The last time the GA saw a relatively high turnout was in 2015, when 727 students voted in a contentious boycott, divestment and sanctions motion.
This year’s improvement from last year’s turnout is likely a byproduct of increased MSU social media promotion and the submission of the “anti-disruption” motion.
The motion was put forward by Michelle Xu and called for the MSU to advocate for the abandonment of the implementation of the guidelines and acknowledge that the guidelines limit dissent and activism, creating a distinction between acceptable and unacceptable forms of protest and disproportionately affecting marginalized students at the university.
The GA is an MSU constitutionally-mandated meeting that provides full-time undergrad students with a platform to submit, discuss and vote on motions.
The motion generated debate and scrutiny, garnering support from the majority of student speakers but drawing criticism from a few who sought to amend or reject it.
“Protest is not meant to be acceptable to institutions on the receiving end.… Marginalized students have expressed concerns over tangible threats to their safety,” said Xu, who explained that organizations such as Canadian Union of Public Employees 3906, the McMaster Womanists and the Revolutionary Student Movement are in favour of the motion.

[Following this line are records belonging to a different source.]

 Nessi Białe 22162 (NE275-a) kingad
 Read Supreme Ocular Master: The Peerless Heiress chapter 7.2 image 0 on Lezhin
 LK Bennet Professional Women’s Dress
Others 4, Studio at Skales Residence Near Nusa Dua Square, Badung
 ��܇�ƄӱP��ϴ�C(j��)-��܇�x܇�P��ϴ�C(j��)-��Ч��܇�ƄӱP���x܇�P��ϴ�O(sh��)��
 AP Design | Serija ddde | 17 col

A student speaker voiced the complaint the ad hoc committee on protest and freedom of expression was overwhelmingly white and male, being unreflective of the campus community. As such, the motion was amended to include calls for increased transparency, representation and consultation with students.
Students on the other side argued that the freedom of expression guidelines improve free speech, invoking McMaster’s low score on the Campus Freedom Index as evidence for the need for the guidelines.

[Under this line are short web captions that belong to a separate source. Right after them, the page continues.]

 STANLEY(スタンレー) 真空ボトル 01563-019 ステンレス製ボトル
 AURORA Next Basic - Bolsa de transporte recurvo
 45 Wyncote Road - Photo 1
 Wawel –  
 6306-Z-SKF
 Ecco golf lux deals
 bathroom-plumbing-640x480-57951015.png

Nevertheless, the motion passed by 85 per cent.
Nevertheless, over the last few years, the GA has been poorly attended, with the 2017 and 2016 meetings seeing respective turnouts of only 16 and 27 voters.
In addition, the assembly voted in favour of a motion aimed at advocating for improved access to mental health care for students and asked that sexual assault response training be extended to special constables and security.

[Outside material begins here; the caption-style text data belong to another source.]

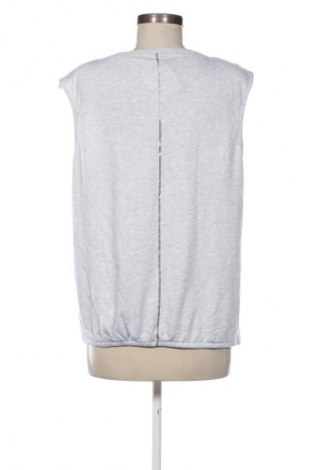 Damentop Street One, Größe L, Farbe Grau, Preis € 12,99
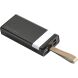 Внешний аккумулятор ArmorStandart EnergyCore ASB20 PD22.5W (20000mAh) - Black (995480B). Фото 2 из 2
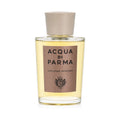 Acqua Di Parma Colonia Intensa Eau de Cologne Natural Spray 180ml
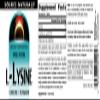 Source Naturals L-Lysine Free Form, 1,000 mg - Amino Acid Supplement Supports Energy & Formation of Collagen* - 50 Tablets view 4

“My motion stems from not only my own experience but that of many others I’ve spoken to from different years and from different faculties who all expressed frustration and hopelessness in trying to seek help for their mental health issues,” said Marley Beach, the student who submitted the motion.
The assembly also passed a motion pushing the MSU to work with the Graduate Student Association and McMaster association of part-time studies to create a club system that is not constrained by membership rules.
“I’ve been starting a club called the McMaster Mars Rover Team, and we decided to be a part of the McMaster Engineering Society and not the MSU so that grad students and high school students can participate,” said Max Lightstone, the student who put forward the motion. “But the MES has its own issues, namely that 75 per cent of members need to be MES members, which prevents students from other faculties from participating fully.”
It should be noted that, although the GA passed a few motions, all were non-binding as they didn’t reach the 683 votes needed to meet quorum. The motions will be discussed and voted on by the Student Representative Assembly.